The house is passive solar, with two trommel walls, and 16-inch thick walls. The windows are high quality Kolbe & Kolbe, adding to the insulation. Their bills are only about $75 a month, for a three bedroom, 2,100 square-foot house. They built the house, though, so that it can be augmented in later. The idea is you keep an inside temperature constant all the time. The hot weather doesn't penetrate all the way in and neither does the cold. The house is heated by fireplace only, which in today's world may seem crazy to
some. Or cold, at least. Truth be told, in a place where the sun shines almost everyday, it does not take much more than a little planning to keep the house warm and cozy all through the winter months, and cool through the hot summers. "You can design a house with passive solar at no more cost," says Cooper, yet using the benefits of the sun's heat in the winter, and shade in the summer, reduces energy bills.

Many of the features of the interior of the house exhibit the same hardy yet aesthetic principles applied to the outside. In the same vein, most of it was built and installed by Fulton and Cooper. They plastered the walls in different pigmented lime washes, lending them a unique color and texture. The floor of the house is concrete stained with muriatic acid, which leaves behind swirls and bubbles of gold in the dark mixture. In addition, the house has hydronic tubing in the floors, which pumps hot water from the water heater through these tubes, and thus warms the entire house.

In the bathrooms and kitchen, the countertops are made of concrete stained with black pigment. They are poured in frames and then set on the studs of the counters, making them nice and tall to reduce back strain. The concrete will not deteriorate nor will it need to be replaced, however, they are "unforgiving" on wine glasses, says Cooper.

In all of this, not only are the couple not using much energy to build the house --in terms of all the energy that is used to place that wood, to make that insulation, the wood paneling and the sheathing, plus transporting it here -- the end product, the house itself, is durable, efficient and saves on living costs, as well.

The moral to their story is to build a house that is efficient, that is "green," one need not to install a bunch of space-age products. The proof, one might say, is in the past, when people had to be efficient and use what they had on hand because they had no other options.
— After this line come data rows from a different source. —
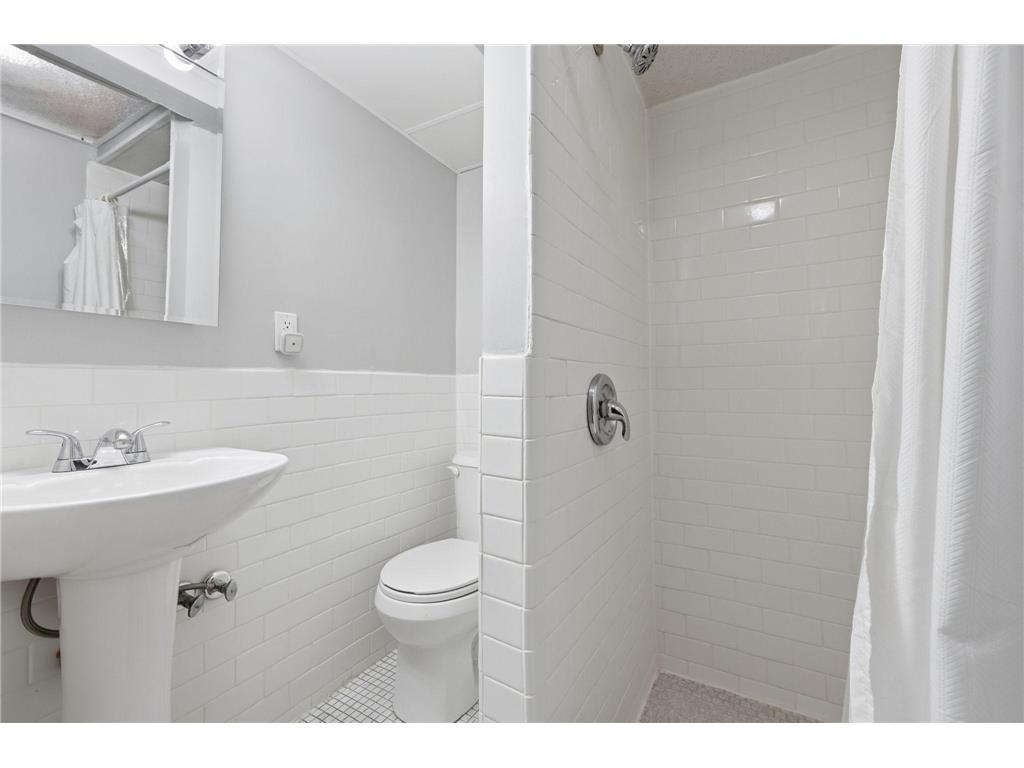 103 30th Avenue NW New Brighton MN 55112 7089750 image19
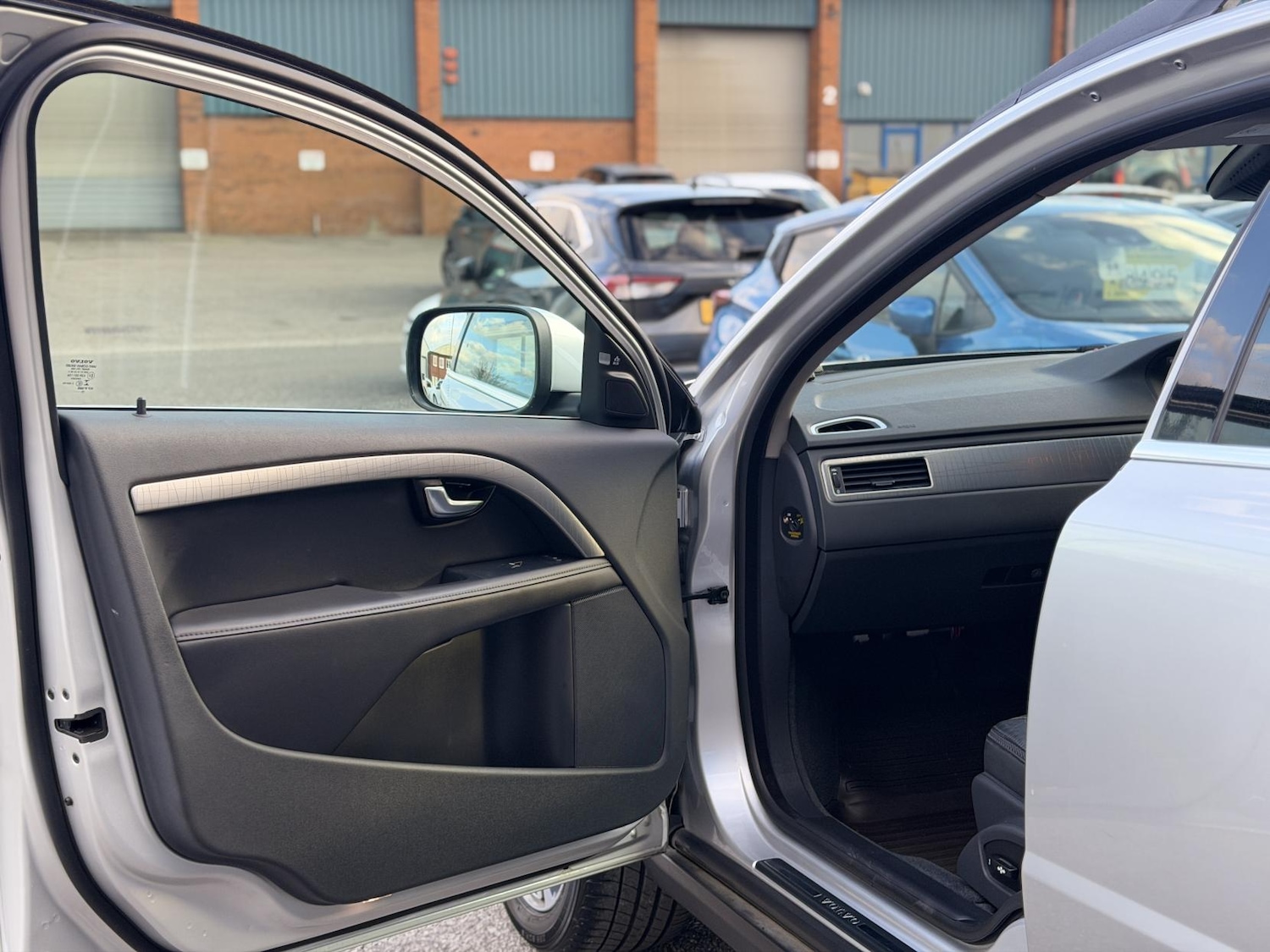 Used Volvo XC70 2014 for sale - 78152963: Photo 39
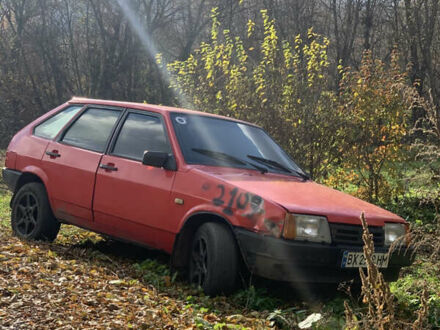 ВАЗ 2109 1993 у Хмельницькому на Automoto.ua Червоний ВАЗ 2109, об'ємом двигуна 1.5 л та пробігом 250 тис. км за 1500 $, фото 1 на Automoto.ua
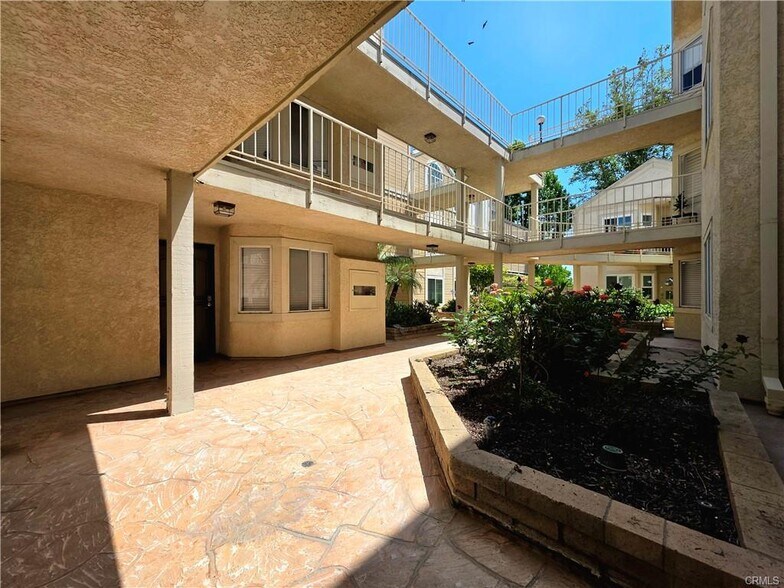 Building Photo - 3845 Farquhar Ave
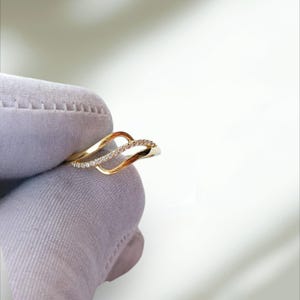 Anello a onda in oro 14 carati con cristalli, anello minimalista aperto e di grande impatto.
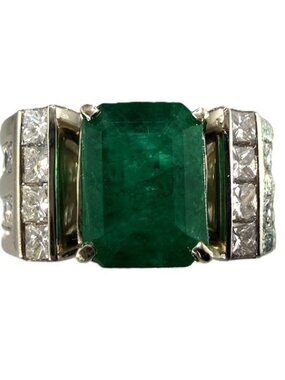 14K Gold Emerald and Diamond Ring - Size 8.75 (unisex)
The irony maybe of making a home like this is that Cooper and Fulton returned to the old way of doing things. While there are many trinkets that can be attached to a home now -- timers for your light bulbs and showers, low flush toilets, and other items that help reduce -- this house is simply more efficient because it incorporates the way of doing things from a time when people didn't have central heating or any of the other creature comforts of today, and thus had to be smart and get the most from their designs. In terms of this being a "green" house, well, according to Cooper, the preservationists chuckle at that word because traditional buildings are the original "green."

Cooper believes it is only a matter of time before more people start implementing good design into their homes. "It's just one of those awareness things," she says. "We have got to educate people more and show them how it will affect them personally…people have to look at building in a whole different way."